▸ TASK REQUIREMENTS:
Go through the records and extract every line with the word "show".

▸ PROVIDED RECORDS:
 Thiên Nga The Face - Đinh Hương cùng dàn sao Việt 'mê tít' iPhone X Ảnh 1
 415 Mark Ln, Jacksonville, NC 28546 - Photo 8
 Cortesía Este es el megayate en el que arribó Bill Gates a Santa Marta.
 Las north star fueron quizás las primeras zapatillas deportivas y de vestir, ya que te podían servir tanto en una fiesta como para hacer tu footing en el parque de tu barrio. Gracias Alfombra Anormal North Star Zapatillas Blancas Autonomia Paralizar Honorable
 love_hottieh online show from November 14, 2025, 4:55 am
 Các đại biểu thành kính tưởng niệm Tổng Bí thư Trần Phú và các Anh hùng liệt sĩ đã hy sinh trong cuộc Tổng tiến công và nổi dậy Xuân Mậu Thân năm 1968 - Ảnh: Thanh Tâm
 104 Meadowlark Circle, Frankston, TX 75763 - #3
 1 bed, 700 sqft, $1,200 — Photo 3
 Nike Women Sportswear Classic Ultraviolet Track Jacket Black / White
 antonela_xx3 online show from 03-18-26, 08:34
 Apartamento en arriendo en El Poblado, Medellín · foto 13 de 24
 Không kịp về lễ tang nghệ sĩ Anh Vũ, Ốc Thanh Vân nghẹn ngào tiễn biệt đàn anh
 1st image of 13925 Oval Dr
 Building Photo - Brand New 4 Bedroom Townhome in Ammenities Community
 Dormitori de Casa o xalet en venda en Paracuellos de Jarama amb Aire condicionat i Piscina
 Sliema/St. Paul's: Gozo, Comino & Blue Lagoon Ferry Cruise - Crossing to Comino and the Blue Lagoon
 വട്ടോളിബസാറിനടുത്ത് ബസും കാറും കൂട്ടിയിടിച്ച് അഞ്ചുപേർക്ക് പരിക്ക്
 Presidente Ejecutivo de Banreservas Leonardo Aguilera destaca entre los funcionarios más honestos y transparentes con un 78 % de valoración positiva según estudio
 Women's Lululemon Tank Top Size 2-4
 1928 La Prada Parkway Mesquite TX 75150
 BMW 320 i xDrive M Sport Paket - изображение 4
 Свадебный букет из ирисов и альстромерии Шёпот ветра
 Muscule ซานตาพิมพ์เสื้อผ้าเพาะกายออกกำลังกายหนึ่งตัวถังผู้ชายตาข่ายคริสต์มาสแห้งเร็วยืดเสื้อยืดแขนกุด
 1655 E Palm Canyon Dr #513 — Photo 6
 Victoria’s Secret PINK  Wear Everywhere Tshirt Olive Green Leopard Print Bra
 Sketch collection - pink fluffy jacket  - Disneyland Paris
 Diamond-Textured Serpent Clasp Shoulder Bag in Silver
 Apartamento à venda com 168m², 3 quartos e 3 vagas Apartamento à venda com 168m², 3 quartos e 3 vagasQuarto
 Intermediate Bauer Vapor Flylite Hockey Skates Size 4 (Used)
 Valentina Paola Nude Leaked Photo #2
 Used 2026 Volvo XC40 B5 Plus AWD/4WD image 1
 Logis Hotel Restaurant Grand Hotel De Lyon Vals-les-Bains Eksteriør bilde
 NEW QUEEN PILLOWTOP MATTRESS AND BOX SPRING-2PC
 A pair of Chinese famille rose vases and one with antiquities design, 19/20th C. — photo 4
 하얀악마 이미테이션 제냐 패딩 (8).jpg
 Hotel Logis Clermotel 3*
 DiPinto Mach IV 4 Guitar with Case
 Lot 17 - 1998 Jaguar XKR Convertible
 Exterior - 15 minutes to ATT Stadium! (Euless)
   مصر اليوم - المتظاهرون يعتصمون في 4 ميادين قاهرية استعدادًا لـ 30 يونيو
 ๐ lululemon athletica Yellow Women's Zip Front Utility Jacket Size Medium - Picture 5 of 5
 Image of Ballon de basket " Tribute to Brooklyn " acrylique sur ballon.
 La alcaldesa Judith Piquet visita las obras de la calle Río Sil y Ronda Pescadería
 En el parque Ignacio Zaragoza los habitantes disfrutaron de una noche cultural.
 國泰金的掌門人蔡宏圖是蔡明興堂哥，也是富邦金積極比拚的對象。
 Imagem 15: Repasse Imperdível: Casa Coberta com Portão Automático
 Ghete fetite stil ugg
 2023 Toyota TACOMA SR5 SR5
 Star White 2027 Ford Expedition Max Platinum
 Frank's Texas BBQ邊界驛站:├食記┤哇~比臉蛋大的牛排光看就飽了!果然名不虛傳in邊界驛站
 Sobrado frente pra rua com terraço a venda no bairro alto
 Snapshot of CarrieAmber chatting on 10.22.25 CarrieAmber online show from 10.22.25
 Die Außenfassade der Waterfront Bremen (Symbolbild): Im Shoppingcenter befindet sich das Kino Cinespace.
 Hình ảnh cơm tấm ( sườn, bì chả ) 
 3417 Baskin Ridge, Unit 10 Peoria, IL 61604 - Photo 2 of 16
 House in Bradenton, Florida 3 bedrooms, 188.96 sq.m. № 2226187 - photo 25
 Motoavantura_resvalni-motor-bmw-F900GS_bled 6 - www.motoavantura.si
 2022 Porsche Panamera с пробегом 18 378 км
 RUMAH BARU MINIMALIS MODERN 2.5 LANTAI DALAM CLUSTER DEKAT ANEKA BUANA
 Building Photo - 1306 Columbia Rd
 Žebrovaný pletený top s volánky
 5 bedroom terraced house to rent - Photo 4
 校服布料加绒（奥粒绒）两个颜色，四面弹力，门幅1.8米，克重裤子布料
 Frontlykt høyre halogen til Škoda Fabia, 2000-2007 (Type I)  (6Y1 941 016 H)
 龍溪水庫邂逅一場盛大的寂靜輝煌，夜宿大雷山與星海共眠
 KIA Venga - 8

▸ RESPONSE:
 love_hottieh online show from November 14, 2025, 4:55 am
 antonela_xx3 online show from 03-18-26, 08:34
 Snapshot of CarrieAmber chatting on 10.22.25 CarrieAmber online show from 10.22.25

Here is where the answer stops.